The value of historic stellar spectra for modern research was amply demonstrated through the Ozone Project*, in which concentrations of the Earth's ozone were measured from photographic stellar spectra that had been observed in the 1920s and 1930s (almost before ozone was heard of!), thus offering a completely novel source of such information. It illustrated well the true transdisciplinary nature of so many data in science.

*see, e.g. The Physics Teacher, 47, p. 22, 2009

International Environmental Data Rescue Organization (IEDRO)

The data rescued by the International Environmental Data Rescue Organization (IEDRO) enables the meteorological and scientific communities to provide more accurate severe weather forecasting and to understand climate change. This knowledge offers the world community a greater ability to more accurately predict long-range weather patterns.

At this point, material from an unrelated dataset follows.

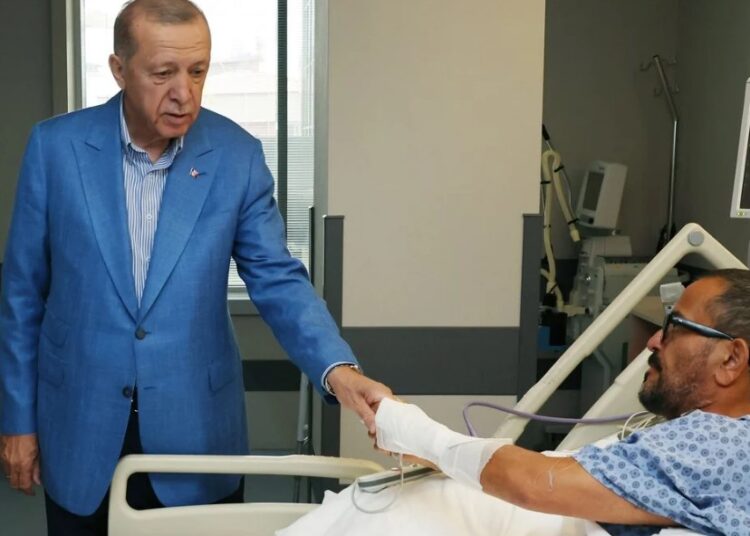 Cumhurbaşkanı Erdoğan Sabancı çiftini hastanede ziyaret etti 1 Cumhurbaşkanı Erdoğan Sabancı çiftini hastanede ziyaret etti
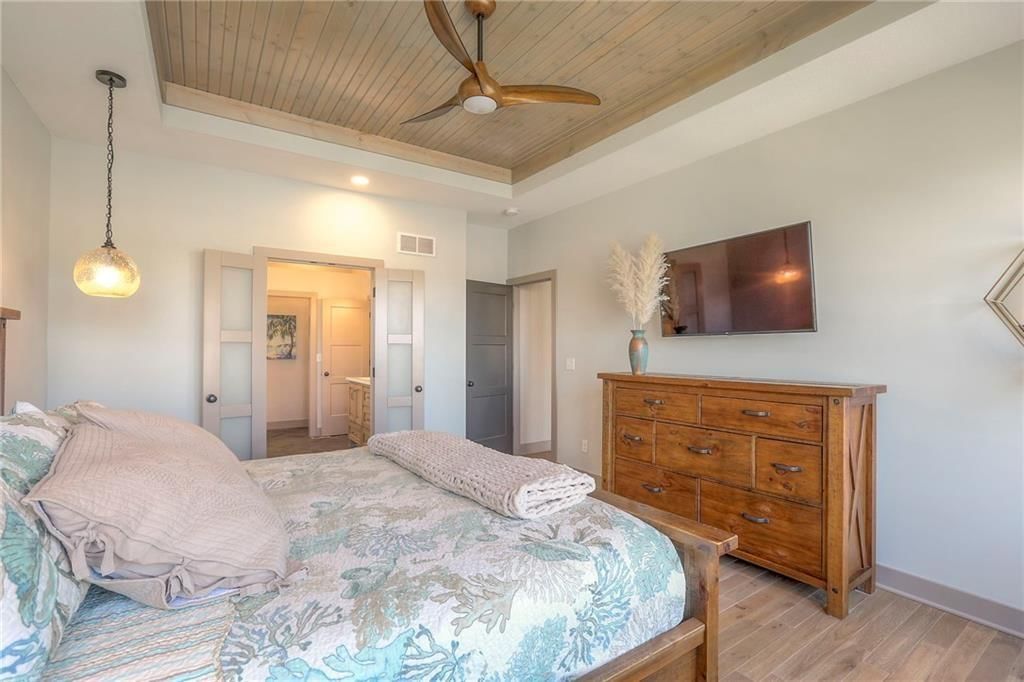 514 S Shore Drive — photo 22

In 2000, Dr. Sharon Nicholson representing Florida State University approached the National Oceanic and Atmospheric Administration (NOAA)'s National Weather Service's International Activities Office (IAO) to set up a project for locating and rescuing historic weather observations in Africa. IAO Chief Dr. Martin Yerg provided the initial funding for the effort through U.S. donations to the World Meteorological Organization's Voluntary Cooperation Program (VCP). Shortly thereafter, Richard Crouthamel, D.Sc., assumed the responsibility for managing the project. He focused on six African countries: Kenya, Malawi, Mozambique, Niger, Senegal, and Zambia. Comuters, digital cameras, copy stands, and software were purchased and shipped to each of the six countries. NOAA employees Larry Nicodemus and Mark Seiderman from NCDC, Wasilla Thiaw, PH.D. from NCEP, and Ken Clark from IAO traveled to each of the six countries. The group installed computers and instructed the staff from each National Meteorological Service on data rescue and imaging. Since that time these six countries have been imaging and sending thier historic weather observations to NOAA for digitization.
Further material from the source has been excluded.